Глухой водитель такси у многих вызовет тревогу или напряжение, хотя он точно не будет отвлекаться на посторонние звуки и разговаривать по телефону, то есть доверие к нему, наоборот, должно увеличиться. Но недостаток информации и стереотипы изолируют не только мир глухих, но и слышащих.

Полагать, что «меня это точно не коснется», не стоит. ВОЗ утверждает, что к 2050 году нарушение слуха будет у каждого четвертого человека. С наступлением глухоты люди закрываются и обрекают себя на одиночество. «Москвич Mag» поговорил с членами инклюзивного сообщества, а также с основателем музея «В тишине» о том, почему глухим страшно разговаривать, подо что они танцуют и как 144 года дискриминации повлияли на них сейчас.

«“Ты вообще ничего не слышишь? Как ты живешь?”, “Если ты не слышишь, как ты говоришь?” — это самые раздражающие вопросы, которые могут задать нам люди. Многие продолжают удивляться нашему общению, да и в принципе существованию», — признаются слабослышащая Алина и глухой Саша.

Слова «неслышащий» и «глухонемой» считаются среди глухих моветоном. Из-за неправильного обозначения некоторые люди считают, что глухие не могут разговаривать, будто вместе со слухом у них отобрали язык. Но это не так. Социокультурное меньшинство общается с помощью рук, а иногда и речи. Другое дело, что не все хотят коммуницировать вербально. Из-за невозможности услышать свой голос и понять, как он звучит, глухие и слабослышащие стесняются разговаривать, боятся, что их не поймут или осудят.

«Однажды я лежала в больнице, и медсестра спросила, какая у меня фамилия. Я подумала, что она спросила название лекарства. После моего недоуменного “не знаю” она накричала: “Как можно не знать свою фамилию?!” Теперь я предпочитаю переспрашивать два, три, четыре раза, прежде чем что-то ответить», — рассказывает Алина.

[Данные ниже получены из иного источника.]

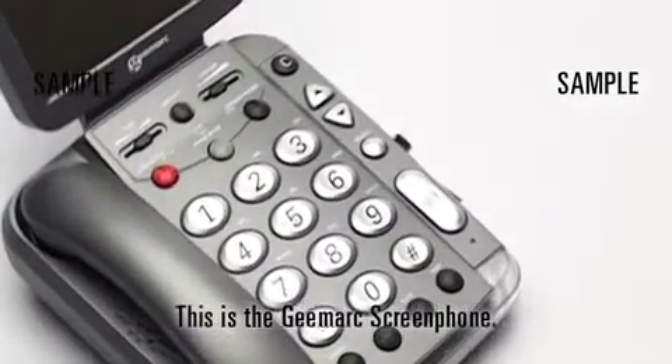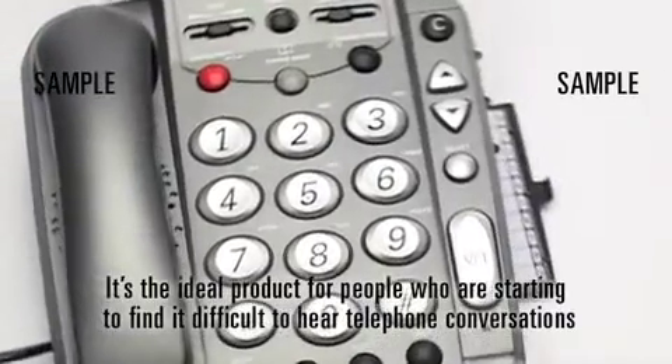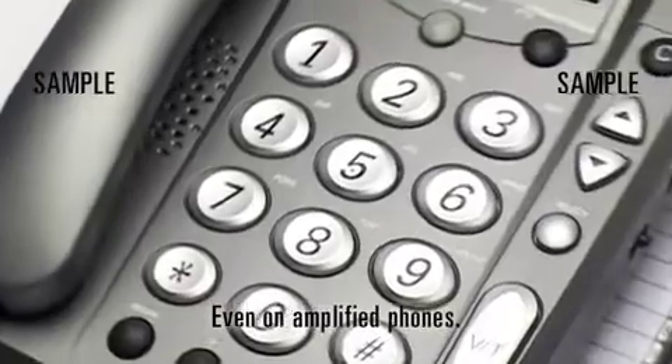This is the GMARC ScreenPhone. It's the ideal product for people who are starting to find it difficult to hear telephone conversations, even on amplified phones.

В Кузьминках работает музей «В тишине». Его основатель Мария Айзина объясняет, что хорошая речь общества с нарушением слуха зависит от двух факторов. Во-первых, от слуха родителей, во-вторых, от качественного обучения. Как оно происходит? Мать или отец кладет руку ребенка на свою гортань и произносит звуки. Каждая буква имеет определенную вибрацию, и ребенок пытается ее повторить. Поэтому важно, чтобы родитель был слышащий или слабослышащий и исправлял ошибки ребенка. Нужно уделить огромное количество времени на обучение, а также заниматься с логопедом и дефектологом. Учебный процесс станет лучше, если во всех коррекционных классах обучение глухих и слабослышащих детей будет не только голосом, то есть ученики читают по губам, но и на жестовом языке. Два-три — средняя оценка ребенка, который получает знания, читая по губам, но если урок проходит на жестовом языке, то ученики становятся более грамотными.

Говорение голосом — навык, который нужно постоянно развивать. Например, Саша часто общался голосом в школе, ходил к дефектологу и логопеду, но после окончания учебы находился в окружении глухих, поэтому навык речи пропал. У Алины же хорошая речь. Она признается, что это связано с остатком слуха, поэтому девушка носит слуховой аппарат. Его минус в том, что он увеличивает громкость всех звуков одновременно. Это тяжело, так как в хаосе невозможно распознать речь. В специальных школах учителя используют прибор, который усиливает только их голос без постороннего шума.

«Я носила аппарат только на правом ухе, а недавно начала на левом. Я стала различать некоторые согласные, до этого я их не слышала. Но даже со слуховым аппаратом это непросто. Нужно время, чтобы привыкнуть к нему, а еще важно развивать навык слушания», — говорит Алина.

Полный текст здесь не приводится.